Un arbre poussait majestueusement à proximité de la maison de Franck. La dernière tempête l’a couché et Franck m’avait aussitôt appelé pour me faire part de son émotion profonde.  Cet arbre se trouve maintenant chez William qui va en respecter la matière et l’esprit pour créer.

 F — Un jour, mon père m’a dit :  « Mon cercueil sera fait dans le bois de cet arbre»,qui poussait près de sa maison. Un arbre qui était là avant lui. Mon père a 82 ans, l’arbre est toujours vivant, sur pied. Mon père ne pourra pas faire ce qu’il avait dit, mais cet arbre a pris tellement de valeur pour moi ! Un autre arbre, un chêne que je croyais éternel, est mort à l’endroit où mon père est né. Celui qui représentait la naissance est mort ; celui qui représente la mort est toujours vivant. Est-ce que ce ne sont que des arbres, ou bien incarnent-ils autre chose ?

W — Je vois l’arbre comme le côté paternel qui est ancré dans la terre mère.

William travaille le bois qu’on lui donne.
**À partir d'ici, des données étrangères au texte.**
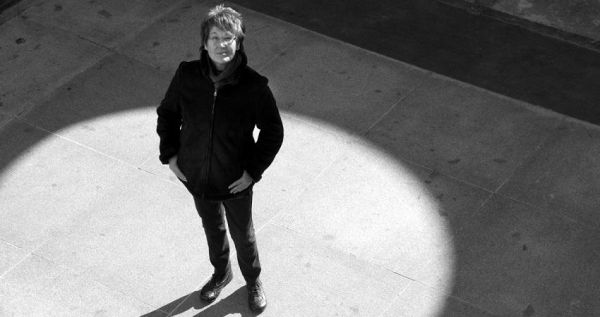 The night fails, Noni Benegas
Au Clos des Sens, vous travaillez des produits « simples », pas forcément du caviar, du homard. Les clients ne sont pas désarçonnés par cette façon de faire ?

Nous avons deux types de clients. Ceux qui recherchent le luxe, les autres vont  s’exclamer « Ah, mais ça n’est que du champignon, que du fenouil, et vous arrivez à faire ça ! » Ceux-ci comprennent le véritable luxe : faire d’un produit commun un plat unique.

Ce qui se passe alors ressemble à une conversation avec un tableau, une pièce de théâtre : en partant, tu emportes quelque chose avec toi et la conversation se poursuit.

W —  La trace de l’expérience entre dans ta mémoire qui est en résonance avec tout ton corps. Elle déclenche quelque chose en toi parce que l’objet ou le plat qui laisse cette trace est vivant, chargé de beauté. Il y a en l’objet un potentiel que tu fais vivre en toi.